### WORK INSTRUCTION
The stretch wanted below opens at the line containing "molecular formula C13H8N2O3" and closes at the line containing "1boy ascot black_gloves". Please return it exactly, with no other lines.
-------- DATA SUPPLIED
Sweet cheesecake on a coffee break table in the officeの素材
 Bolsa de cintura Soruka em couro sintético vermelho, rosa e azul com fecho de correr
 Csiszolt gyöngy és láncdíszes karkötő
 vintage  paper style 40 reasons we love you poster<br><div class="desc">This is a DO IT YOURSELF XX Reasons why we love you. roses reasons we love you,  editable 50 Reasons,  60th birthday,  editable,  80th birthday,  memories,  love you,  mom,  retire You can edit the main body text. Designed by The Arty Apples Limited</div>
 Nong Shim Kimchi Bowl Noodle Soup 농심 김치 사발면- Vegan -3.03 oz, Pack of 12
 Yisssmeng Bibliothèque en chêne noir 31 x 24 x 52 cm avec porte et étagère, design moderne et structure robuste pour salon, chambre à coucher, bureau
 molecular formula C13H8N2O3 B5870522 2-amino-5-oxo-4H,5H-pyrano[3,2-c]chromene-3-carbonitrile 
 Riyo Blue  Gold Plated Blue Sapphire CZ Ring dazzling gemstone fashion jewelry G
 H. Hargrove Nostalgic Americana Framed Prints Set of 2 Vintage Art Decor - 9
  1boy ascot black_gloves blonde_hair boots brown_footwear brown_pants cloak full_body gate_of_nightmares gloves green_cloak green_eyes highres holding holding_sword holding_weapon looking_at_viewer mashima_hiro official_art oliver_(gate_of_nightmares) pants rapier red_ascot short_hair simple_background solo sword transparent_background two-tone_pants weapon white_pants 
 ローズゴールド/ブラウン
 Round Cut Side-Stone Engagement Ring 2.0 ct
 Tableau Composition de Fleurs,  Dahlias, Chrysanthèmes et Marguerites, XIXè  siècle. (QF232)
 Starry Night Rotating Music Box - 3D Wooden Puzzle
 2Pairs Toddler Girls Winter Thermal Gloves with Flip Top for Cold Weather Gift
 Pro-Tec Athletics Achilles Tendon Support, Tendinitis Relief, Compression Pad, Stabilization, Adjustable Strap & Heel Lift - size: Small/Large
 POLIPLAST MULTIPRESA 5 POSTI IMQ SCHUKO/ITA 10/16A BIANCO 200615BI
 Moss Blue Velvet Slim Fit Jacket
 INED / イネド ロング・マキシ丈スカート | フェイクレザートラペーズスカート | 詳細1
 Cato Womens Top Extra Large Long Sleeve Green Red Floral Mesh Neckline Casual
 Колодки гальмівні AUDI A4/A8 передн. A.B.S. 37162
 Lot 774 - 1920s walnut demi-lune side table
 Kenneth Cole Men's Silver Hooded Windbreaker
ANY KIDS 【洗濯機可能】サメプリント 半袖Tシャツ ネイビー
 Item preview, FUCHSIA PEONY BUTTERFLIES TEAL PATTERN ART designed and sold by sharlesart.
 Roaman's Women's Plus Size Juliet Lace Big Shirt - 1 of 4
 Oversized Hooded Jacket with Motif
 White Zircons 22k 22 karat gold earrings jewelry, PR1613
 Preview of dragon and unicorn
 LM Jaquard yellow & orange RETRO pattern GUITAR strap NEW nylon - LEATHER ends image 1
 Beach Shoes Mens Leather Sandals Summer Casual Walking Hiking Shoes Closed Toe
----------------
### WRITTEN ANSWER
 molecular formula C13H8N2O3 B5870522 2-amino-5-oxo-4H,5H-pyrano[3,2-c]chromene-3-carbonitrile 
 Riyo Blue  Gold Plated Blue Sapphire CZ Ring dazzling gemstone fashion jewelry G
 H. Hargrove Nostalgic Americana Framed Prints Set of 2 Vintage Art Decor - 9
  1boy ascot black_gloves blonde_hair boots brown_footwear brown_pants cloak full_body gate_of_nightmares gloves green_cloak green_eyes highres holding holding_sword holding_weapon looking_at_viewer mashima_hiro official_art oliver_(gate_of_nightmares) pants rapier red_ascot short_hair simple_background solo sword transparent_background two-tone_pants weapon white_pants 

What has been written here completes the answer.